This legislation is needed whether there is a deal or no deal. As came out of the points of order exchange earlier, the withdrawal agreement would extend through the transition period, but we have all seen how the last three years have melted away like snow off a dyke. The next 20 months will also disappear, so legislation is required for the long-term protection of those who already live in Europe and want to stay there, particularly those who have been there only a few years and do not have five years-worth of residency rights in the country they have chosen to settle in. After the Bill is passed, it is therefore important that the Government hope to negotiate the continuation of reciprocal healthcare.
The problem is that reciprocal healthcare is not a free-standing thing on its own; it is there simply to enable freedom of movement. People cannot exercise their freedom of movement rights if they simply cannot afford healthcare where they choose to live, work, love, settle or retire. We have had the right over the past few decades to retire and settle anywhere. People are well aware of my husband’s situation as a German citizen who lives here and has spent virtually all his adult life working in our health system. That was certainly his first concern after the Brexit vote, and I am sure it is a concern for all 5 million people who have either settled here from Europe or settled in Europe from the UK.

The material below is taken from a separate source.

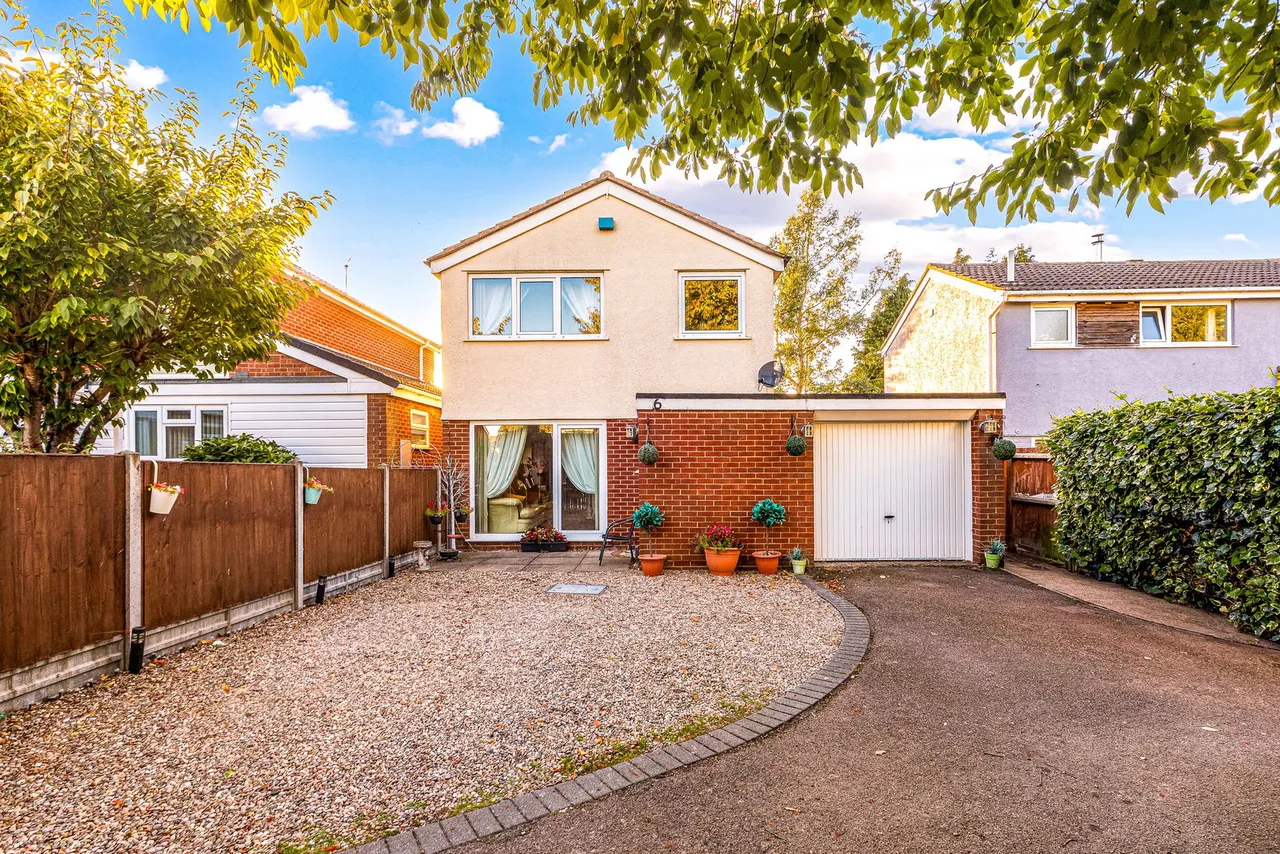3 bed house for sale, Borrowdale Close, Earl Shilton, LE9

The problem is that, as the Government reject freedom of movement and talk merely about a mobility framework, any reciprocal arrangement is likely to be proportional to that mobility framework, as is described in the impact assessment. The Government are not offering visas of over a year for unskilled workers. They are demanding that people be high skilled, possibly that they earn more than £30,000 a year and that they are economically active and are contributors. Will pensioners still be able to retire elsewhere, since they are not necessarily contributors in a major sense and are certainly not necessarily economically active?
People highlight the difference between what the UK has to pay into the European system and what we get back from Europe. A lot of that difference is quite simply because of the number of UK pensioners who choose to retire to sunnier climes—who can blame them?—and the general lack of obsession with retiring to the drizzle and moving in the other direction. Living in Scotland, I can vouch for that. Who would choose to leave the south of France and come to live in the mist, fog and drizzle? That is why the number of European pensioners retiring to the UK is considerably smaller than the number of UK pensioners who retire to the south of Spain and the south of France. That is simple logic.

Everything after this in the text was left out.